945156_wheelchairBedsores can happen anywhere, not only in nursing homes. One of our clients even developed a stage 4 bedsore while in the Intensive Care Unit of a reputable hospital. It is natural for us to assume that nursing staff will regularly and diligently check our loved ones for signs of a developing bedsore. Sadly, this is not usually the case, especially in nursing homes where the nurses are underpaid, overworked and not properly trained.

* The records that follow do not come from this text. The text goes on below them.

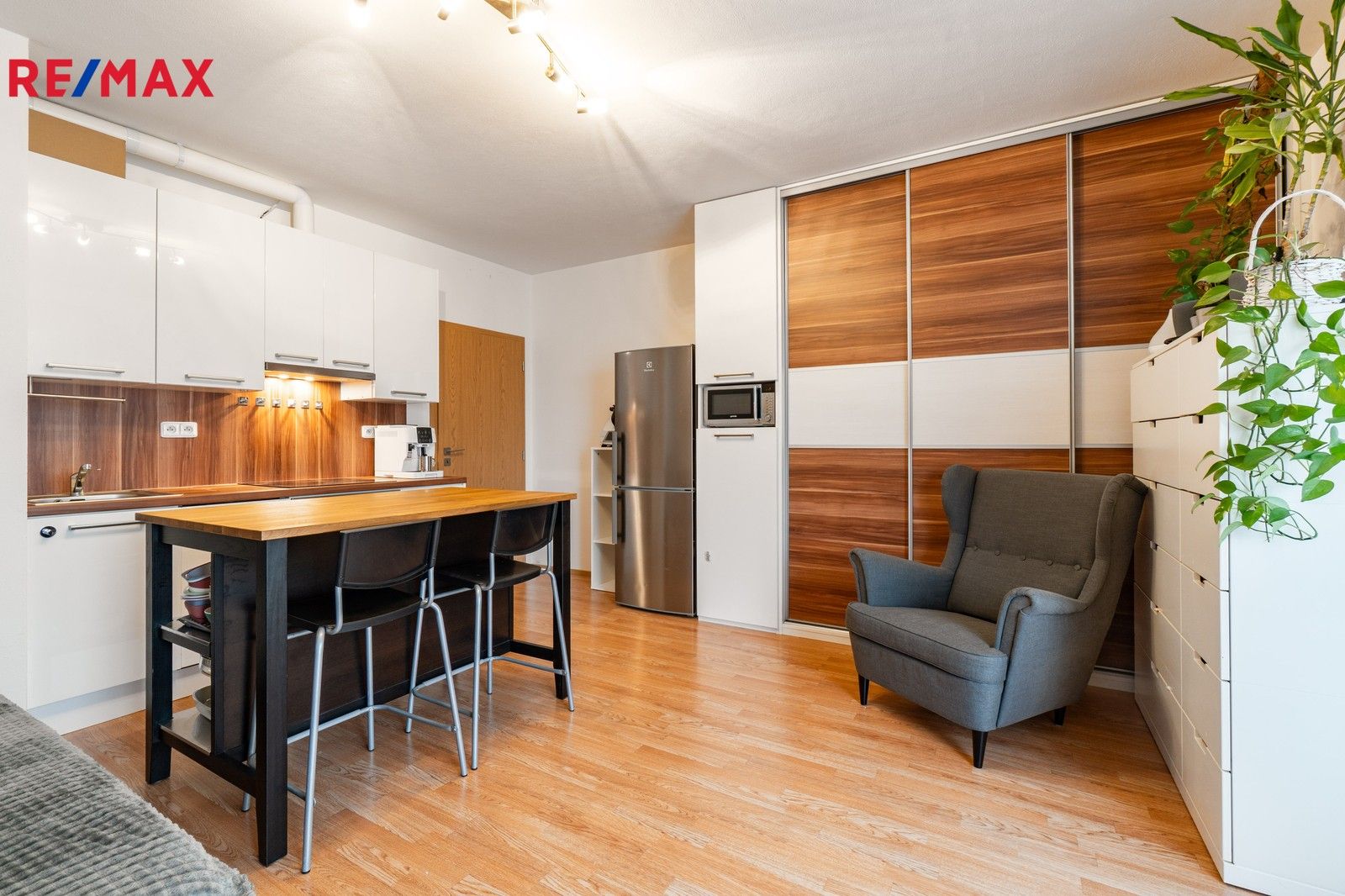 1+kk, Ječná, Hostivice, 32 m²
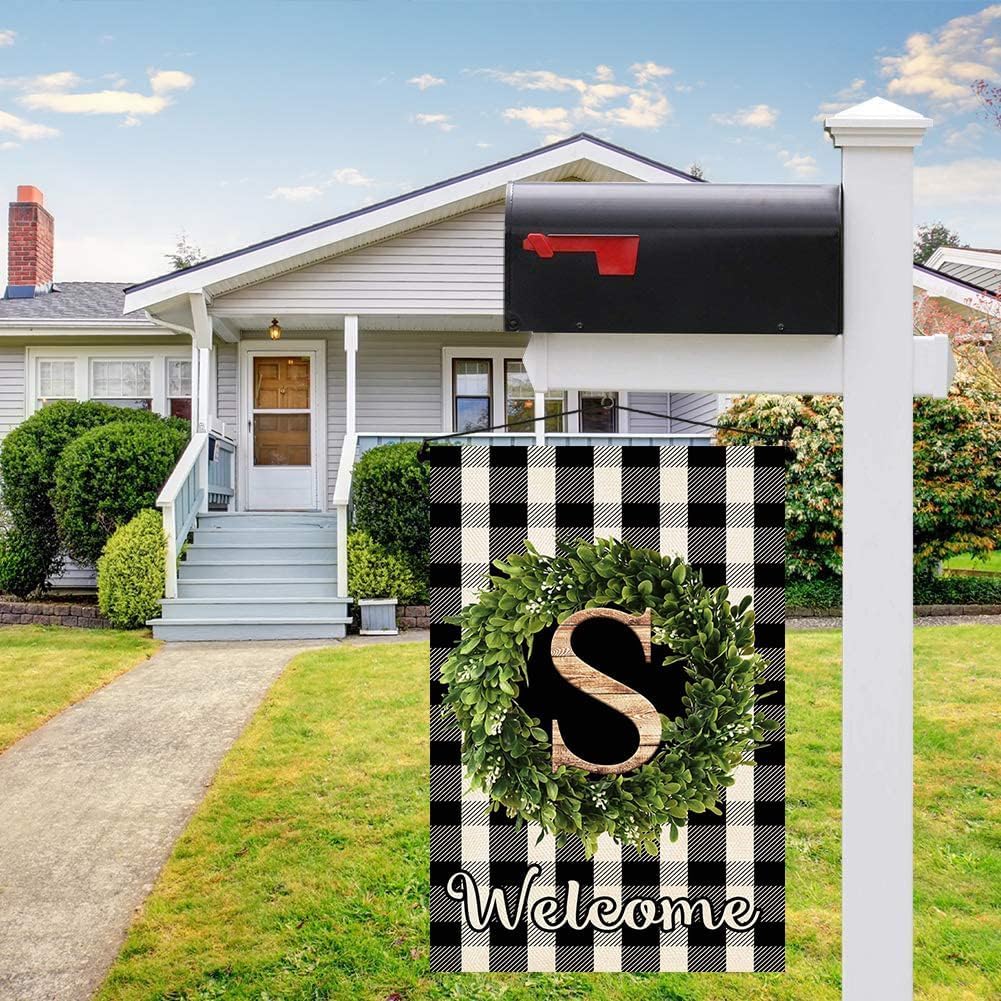 Baccessor outdoor yard flag ideal for seasonal decoration.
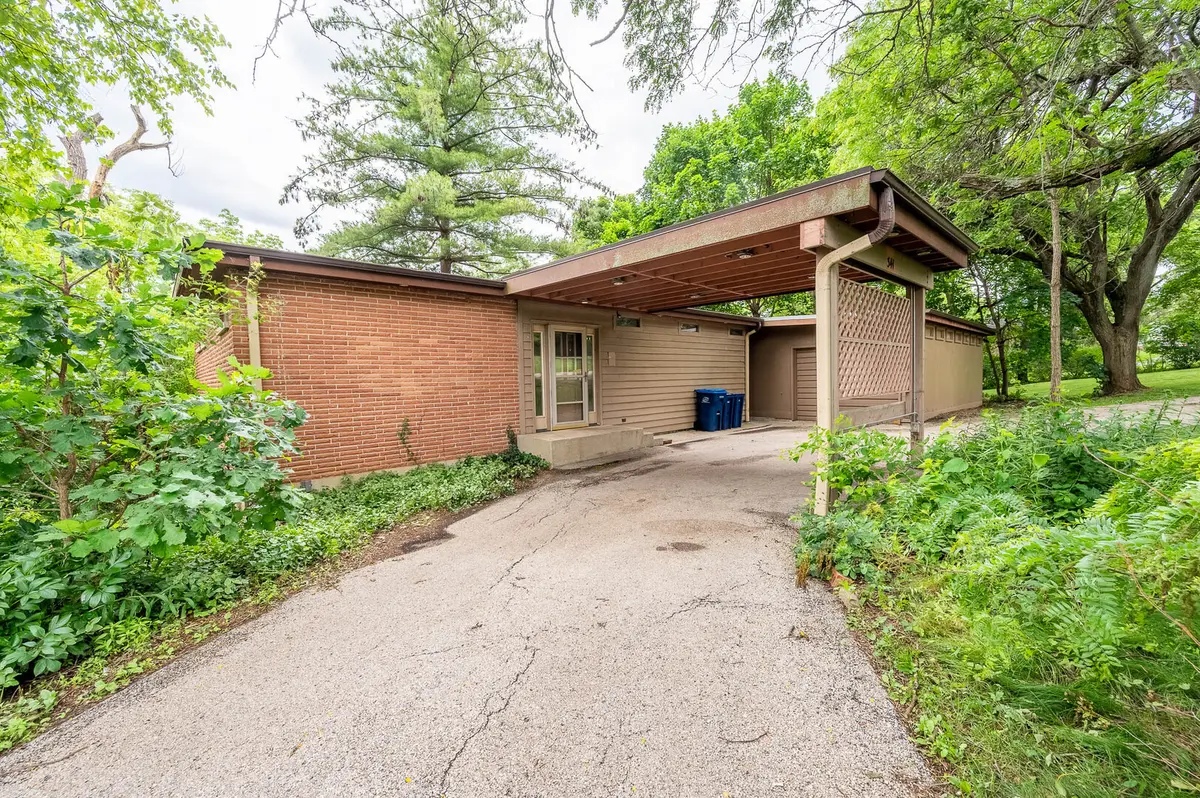 341 Hickory Haven DR E, Gurnee, IL 60031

One or more of the following may indicate that a bedsore developed or progressed due to neglect:

  • The patient was not turned or repositioned regularly (at least every 2 hours), especially patients who spend a lot of time in bed or in a wheelchair.
  • The staff failed to use pillows or other devices to position the body and relieve pressure over bony prominences.
  • The patient was not bathed regularly, and his or her skin was not kept clean, dry and free of feces and urine.
  • The staff failed to notify the doctor when a bedsore first developed or continued to progress.
  • The patient was not provided a special pressure-reducing mattress when he or she developed a stage 1 or stage 2 ulcer.
  • The patient did not receive adequate liquids, a protein-rich diet, or sufficient vitamins and minerals so that his or her body could fight infection and repair skin breakdown.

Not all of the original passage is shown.